Exercise
Below are some records; repeat them all exactly, minus the pictures.

━━ Data to process

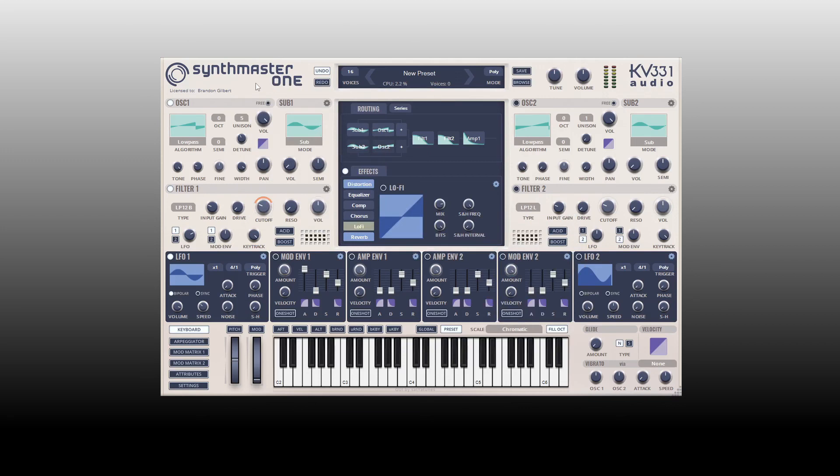This video was not sponsored by KV331, although they did ask if I would take a look at it and put together a video. We'll wrap up here — if you'd like to learn more about SynthMaster One, if you've recently bought it or are planning to, an in-depth tutorial covering its various parameters will be coming soon. Thanks for watching.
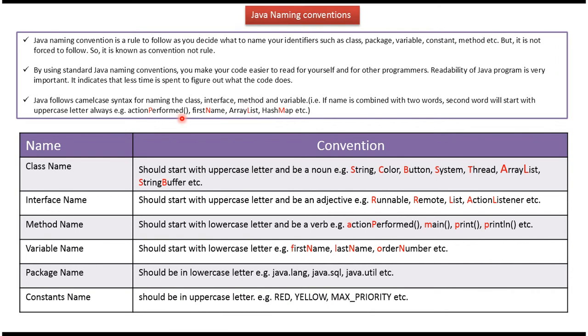Java follows camel case syntax for naming the class, interface, method, and variable. That is, if name is combined with two words, second word will start with uppercase letter always. And here you can see some of the examples.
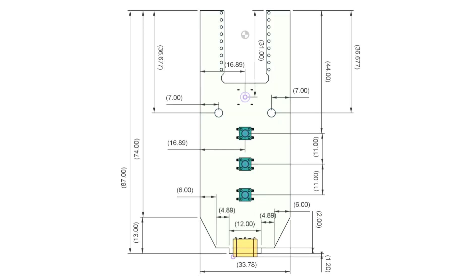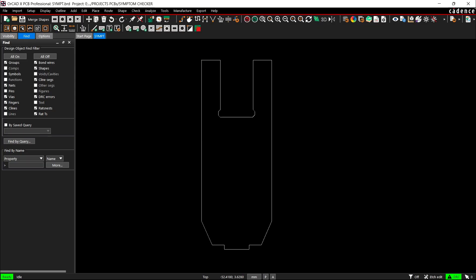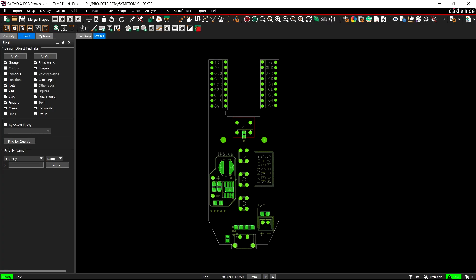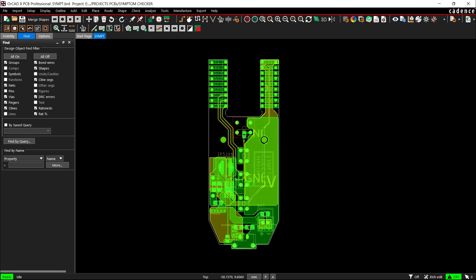Using the dimensions from the CAD model, we prepared the PCB outline and then placed the buttons in their mounting positions as specified in the design. We did the same for the Waveshare ESP32 board, the Type-C port, and other mounting holes. The rest of the components were placed wherever we found adequate space, and then we connected the traces and finalized the board.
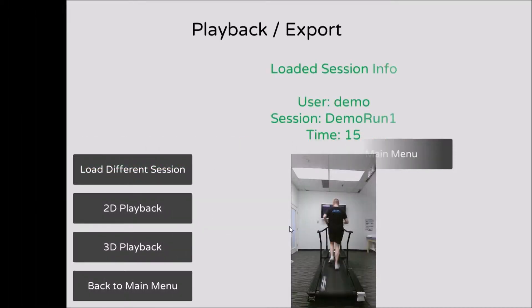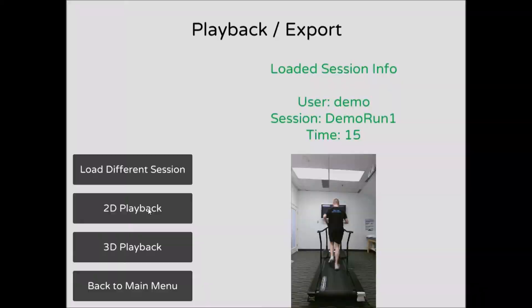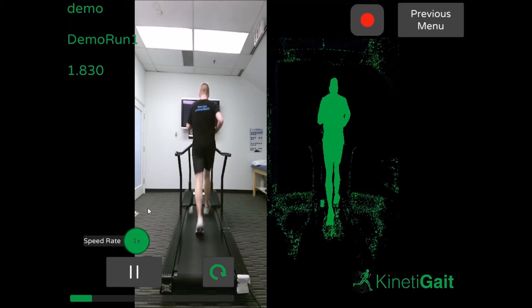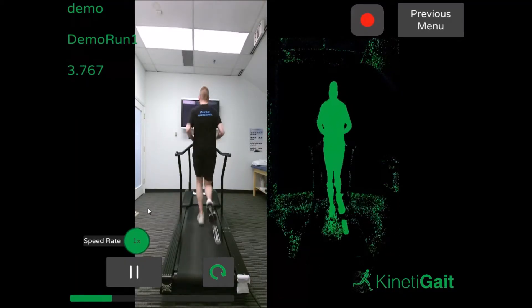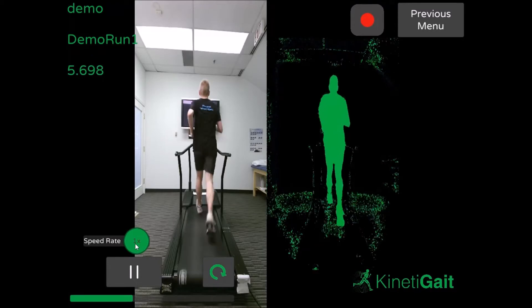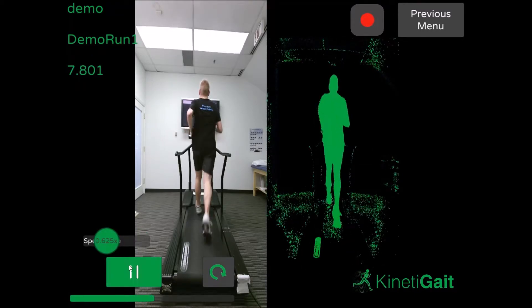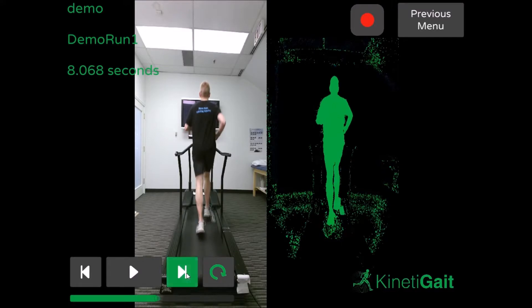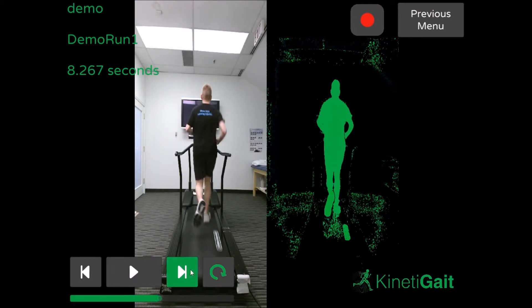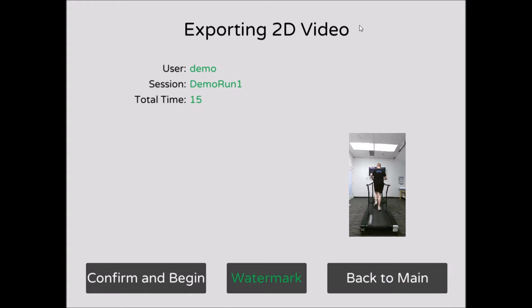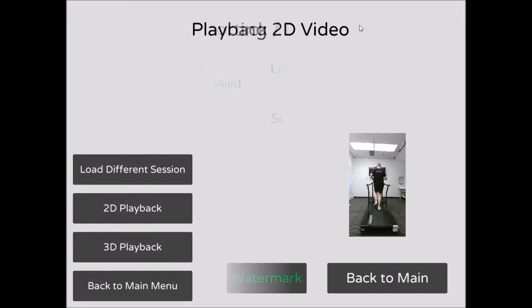In the Playback Export menu, you can choose how you'd like to view the data. 2D Playback will allow you to review the video from within the app. You can view the optical video of your session in slow motion, or pause and advance the playback frame by frame. You can also record an AVI video of your session using the record button at the top right-hand corner of the window. You also have the option of adding a custom watermark to the video.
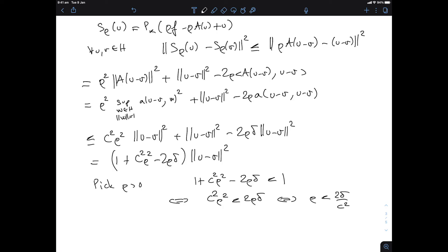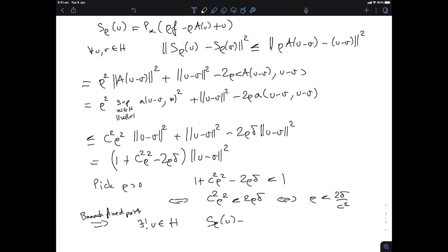There exists such a ρ that makes S_ρ a strict contraction, and therefore by the Banach fixed point theorem, there exists a unique u in H such that S_ρ(u) = u for any choice of ρ that small.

━━━━

Output of the exercise
This video was not sponsored by KV331, although they did ask if I would take a look at it and put together a video. We'll wrap up here — if you'd like to learn more about SynthMaster One, if you've recently bought it or are planning to, an in-depth tutorial covering its various parameters will be coming soon. Thanks for watching.
Java follows camel case syntax for naming the class, interface, method, and variable. That is, if name is combined with two words, second word will start with uppercase letter always. And here you can see some of the examples.
Using the dimensions from the CAD model, we prepared the PCB outline and then placed the buttons in their mounting positions as specified in the design. We did the same for the Waveshare ESP32 board, the Type-C port, and other mounting holes. The rest of the components were placed wherever we found adequate space, and then we connected the traces and finalized the board.
In the Playback Export menu, you can choose how you'd like to view the data. 2D Playback will allow you to review the video from within the app. You can view the optical video of your session in slow motion, or pause and advance the playback frame by frame. You can also record an AVI video of your session using the record button at the top right-hand corner of the window. You also have the option of adding a custom watermark to the video.
There exists such a ρ that makes S_ρ a strict contraction, and therefore by the Banach fixed point theorem, there exists a unique u in H such that S_ρ(u) = u for any choice of ρ that small.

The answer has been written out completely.